* [Aim of the task]:
Skip every picture while you write out the records below, from the first line through the one that contains "Figure 1. Flowchart", both ends kept.

* [Entries taken from a collection]:

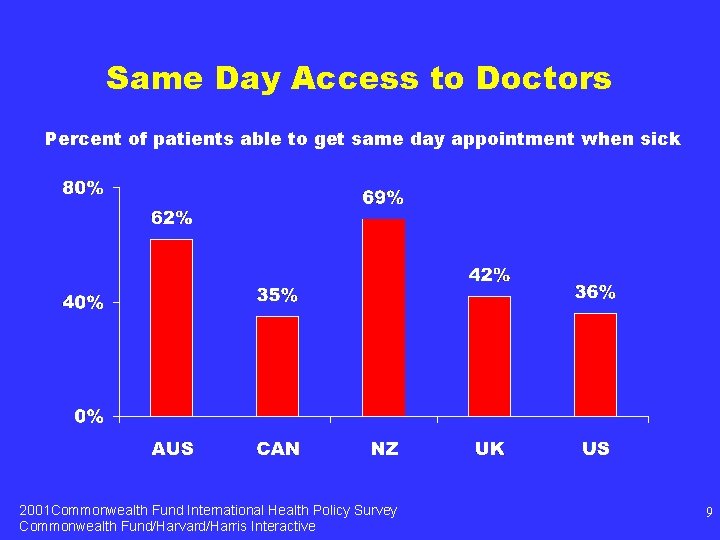 Same Day Access to Doctors Percent of patients able to get same day appointment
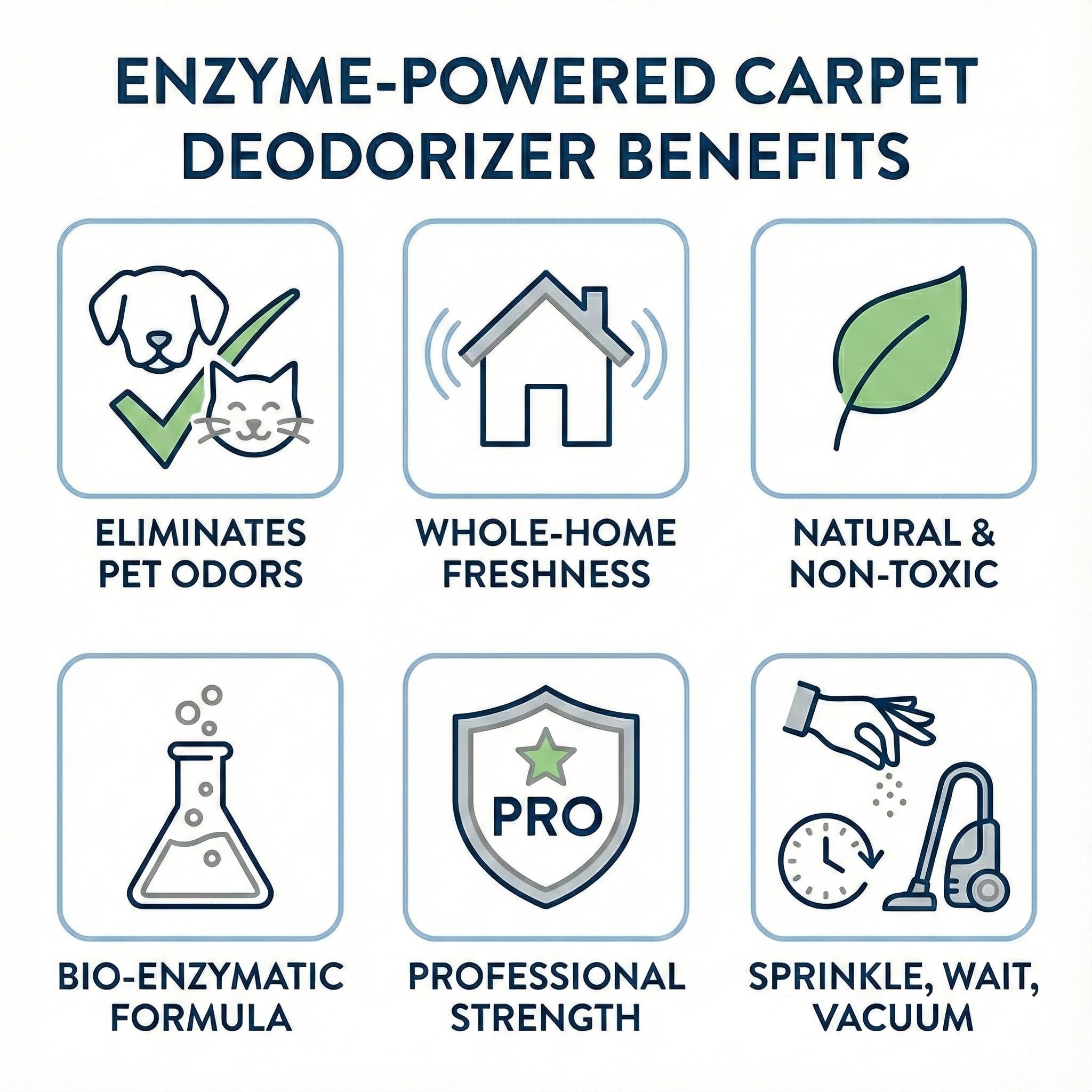 GLAT Group Enzyme-Powered Carpet Deodorizer (Powder) - Mahogany Teakwood | Natural Pet Odor Eliminator | Bio-Enzymatic Formula, Premium Performance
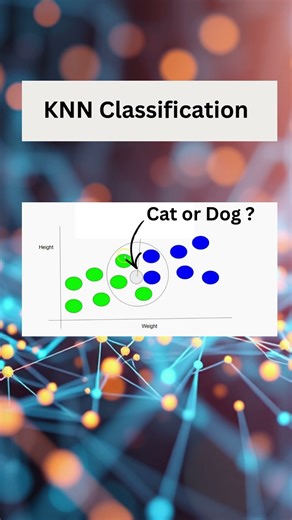 KNN Classification Explained in 30 Seconds #shortsfeed #shortsviral #ai #machinelearning #aimlab
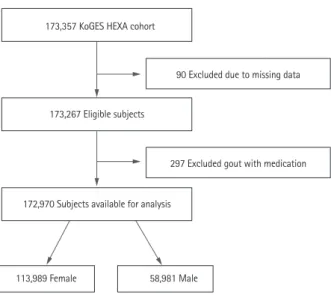 Figure 1. Flowchart for participant eligibility. KoGES, Korean  Genome and Epidemiology Study; HEXA, health examinees.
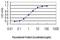 Inhibitor Of Growth Family Member 1 antibody, H00003621-M06, Novus Biologicals, Enzyme Linked Immunosorbent Assay image 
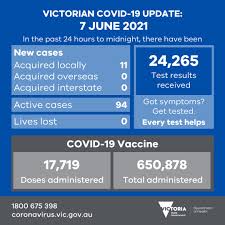 Update keep up to date with all the latest restrictions and requirements at coronavirus.vic.gov.au. Vicgovdh On Twitter Reported Yesterday 11 New Local Cases And No New Cases Acquired Overseas 17 719 Vaccine Doses Were Administered 24 265 Test Results Were Received More Later Https T Co Liurl0zeco Covid19vic Covid19vicdata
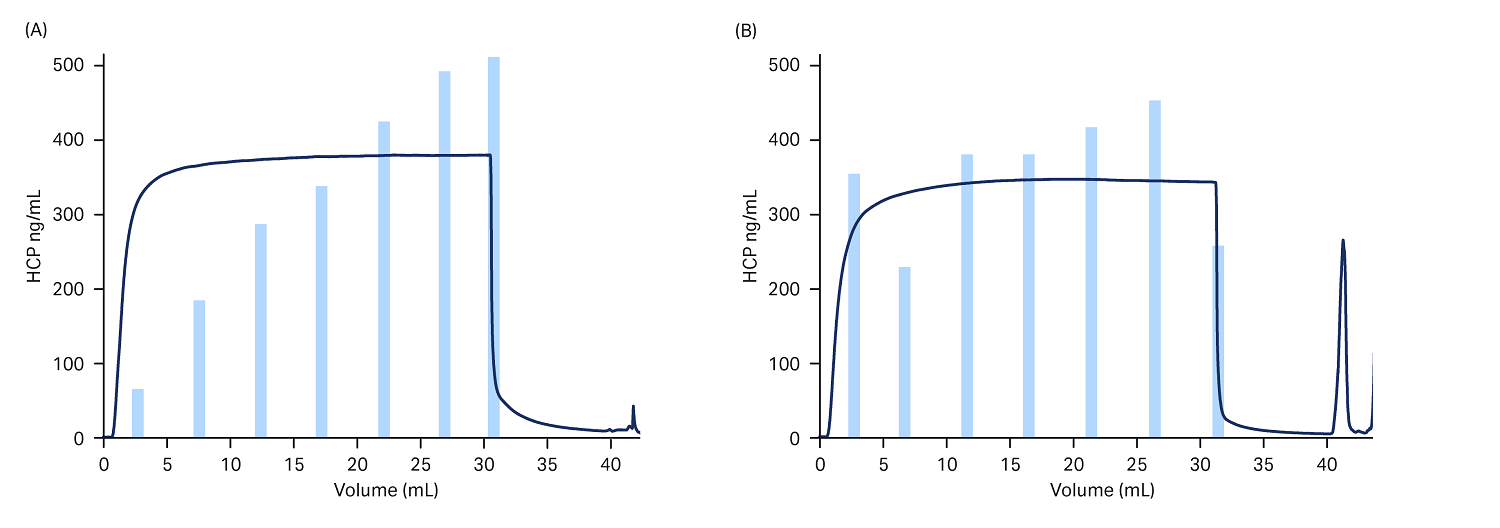 Host cell protein concentrations from a bispecific antibody chromatography purification in selected fractions analyzed by Gyrolab™ workstation (Gyros™ Protein Technologies).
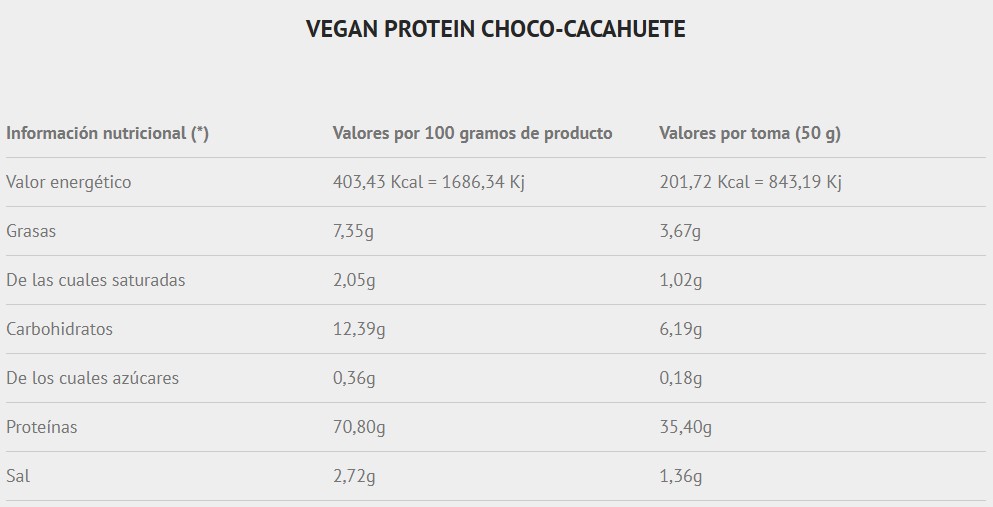 tabla nutri vegan protein scientiffic choco cacahuete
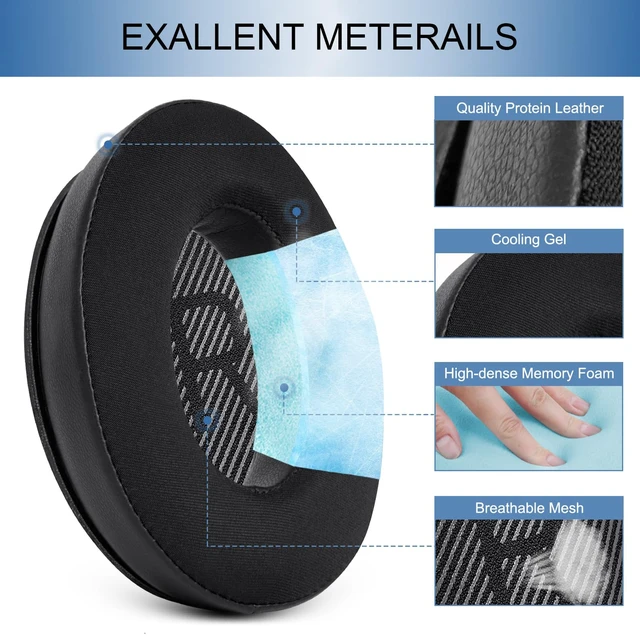 Alt view image 3 of 7 - Replacement Ear Pads for Bose QC35 & QC35 ii, Cooling Black Earpads for Bose QuietComfort 35ii 35 Headphones, Protein Leather, Noise Isolation Memory Foam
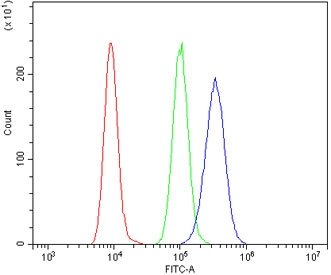 Fas Antibody RAW264.7 FACS. Flow cytometry testing of mouse RAW264.7 cells with Fas antibody at 1ug/million cells (blocked with goat sera); Red=cells alone, Green=isotype control, Blue= Fas antibody.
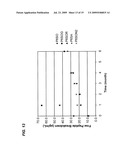 FORMULATION OF INSULINOTROPIC PEPTIDE CONJUGATES diagram and image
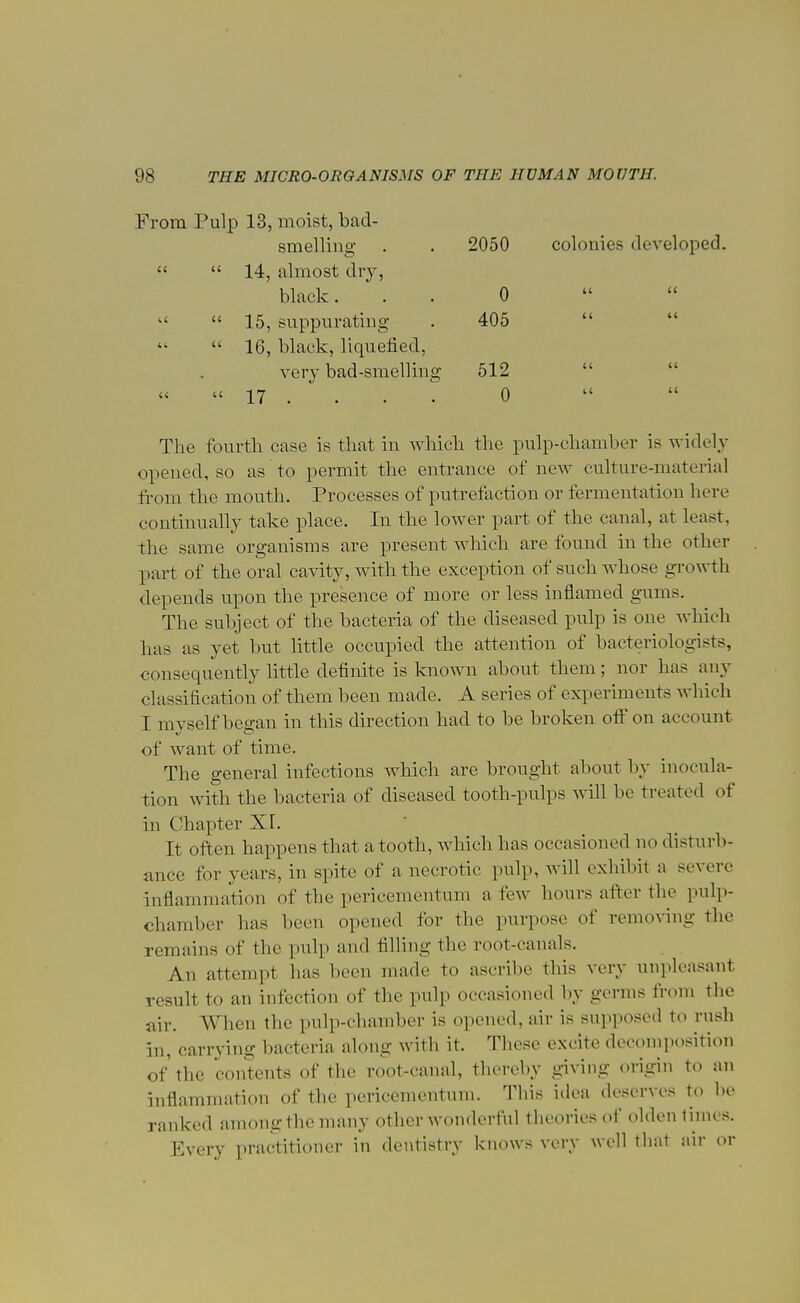 From Pulp 13, moist, bad- smelling   14, almost dry, black. u  15, suppurating   16, black, liquefied, very bad-smelling  17 . 2050 colonies developed. 0 405 512 0 u  The fourth case is that in which the pulp-chamber is widely opened, so as to permit the entrance of new culture-material from the mouth. Processes of putrefaction or fermentation here continually take place. In the lower part of the canal, at least, the same organisms are present which are found in the other part of the oral cavity, with the exception of such whose growth depends upon the presence of more or less inflamed gums. The subject of the bacteria of the diseased pulp is one which has as yet but little occupied the attention of bacteriologists, consequently little definite is known about them; nor has any classification of them been made. A series of experiments which I myself began in this direction had to be broken off on account of want of time. The general infections which are brought about by inocula- tion with the bacteria of diseased tooth-pulps will be treated of in Chapter XL It often happens that a tooth, which has occasioned no disturb- ance for years, in spite of a necrotic pulp, will exhibit a severe inflammation of the pericementum a tew hours after the pulp- chamber lias been opened for the purpose of removing the remains of the pulp and filling the root-canals. An attempt has been made to ascribe this very unpleasant result to an infection of the pulp occasioned by germs from the air. When the pulp-chamber is opened, air is supposed to rush in, carrying bacteria along with it. These excite decomposition of the contents of the root-canal, thereby giving origin to an inflammation of the pericementum. This idea deserves to be ranked among the many other wonderful theories of olden limes. Every practitioner in dentistry knows very well that air or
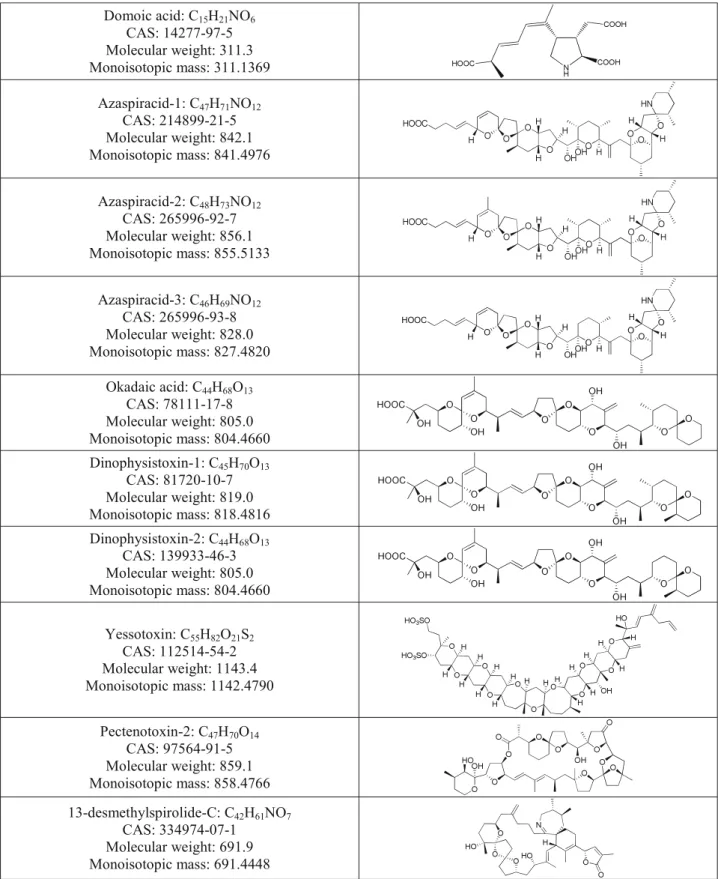 Table 1 Information and structures for toxins with certified values in CRM-FDMT1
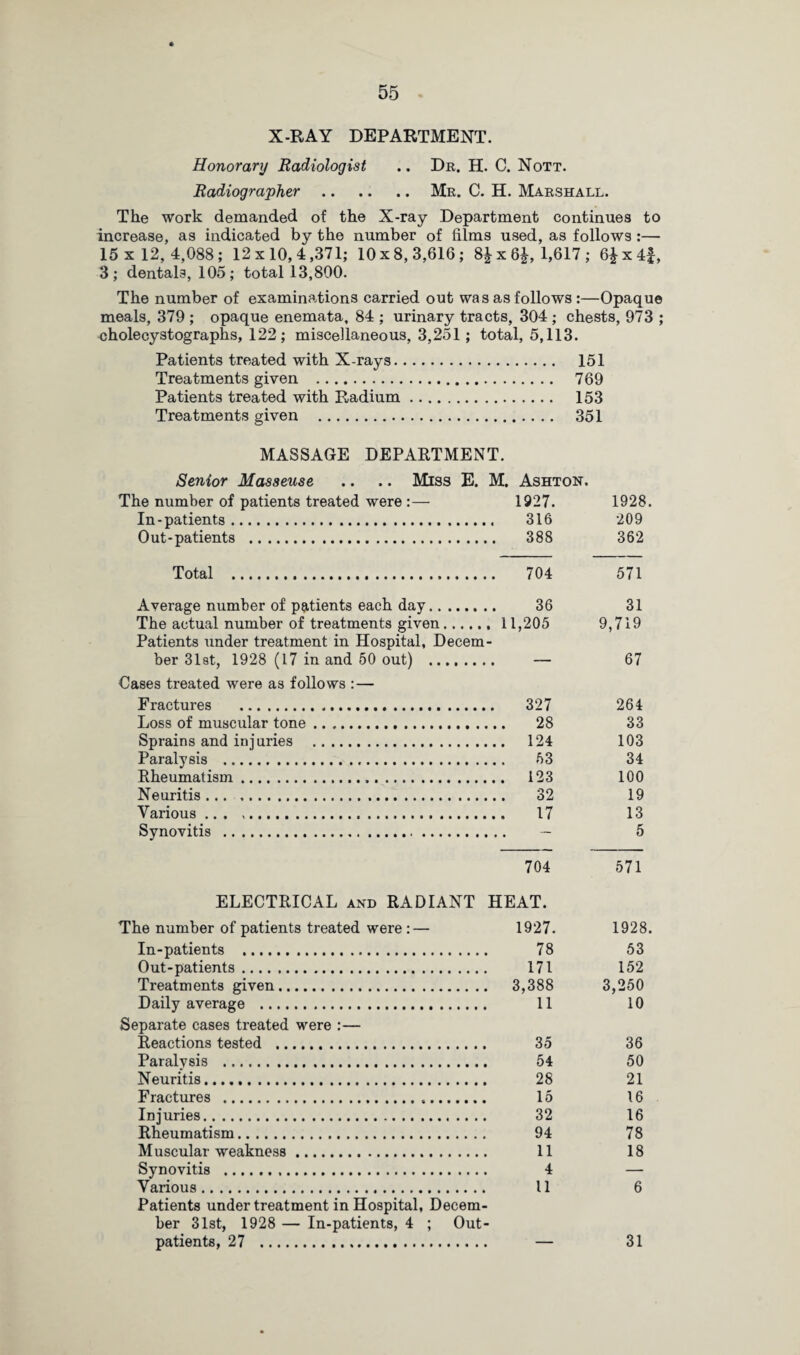 X-RAY DEPARTMENT. Honorary Radiologist .. Dr. H. C. Nott. Radiographer.Mr. C. H. Marshall. The work demanded of the X-ray Department continues to increase, as indicated by the number of films used, as follows :— 15 x 12,4,088; 12x10,4,371; 10x8,3,616; 8|x6£, 1,617; 6£x4f, 3; dentals, 105; total 13,800. The number of examinations carried out was as follows :—Opaque meals, 379 ; opaque enemata, 84 ; urinary tracts, 304 ; chests, 973 ; eholecystographs, 122; miscellaneous, 3,251; total, 5,113. Patients treated with X-rays. 151 Treatments given . 769 Patients treated with Radium. 153 Treatments given . 351 MASSAGE DEPARTMENT. Senior Masseuse .. .. Miss E. M. Ashton. The number of patients treated were:— 1927. 1928. In-patients. 316 209 Out-patients . 388 362 Total . 704 571 Average number of patients each day. 36 31 The actual number of treatments given. 11,205 9,719 Patients under treatment in Hospital, Decem¬ ber 31st, 1928 (17 in and 50 out) . — 67 Oases treated were as follows : — Fractures .. 327 264 Loss of muscular tone. 28 33 Sprains and injuries . 124 103 Paralysis . 53 34 Rheumatism. 123 100 Neuritis. 32 19 Various ... .. 17 13 Synovitis . — 5 704 571 ELECTRICAL and RADIANT HEAT. The number of patients treated were :— 1927. 1928. In-patients . 78 53 Out-patients. 171 152 Treatments given. 3,388 3,250 Daily average . 11 10 Separate cases treated were :— Reactions tested . 35 36 Paralysis . 54 50 Neuritis. 28 21 Fractures . 15 16 Injuries. 32 16 Rheumatism. 94 78 Muscular weakness. 11 18 Synovitis . 4 — Various. 11 6 Patients under treatment in Hospital, Decem¬ ber 31st, 1928 — In-patients, 4 ; Out¬ patients, 27 . — 31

* [Reply to the exercise]:
 Same Day Access to Doctors Percent of patients able to get same day appointment
 GLAT Group Enzyme-Powered Carpet Deodorizer (Powder) - Mahogany Teakwood | Natural Pet Odor Eliminator | Bio-Enzymatic Formula, Premium Performance
 KNN Classification Explained in 30 Seconds #shortsfeed #shortsviral #ai #machinelearning #aimlab
 Figure 1. Flowchart for participant eligibility. KoGES, Korean  Genome and Epidemiology Study; HEXA, health examinees.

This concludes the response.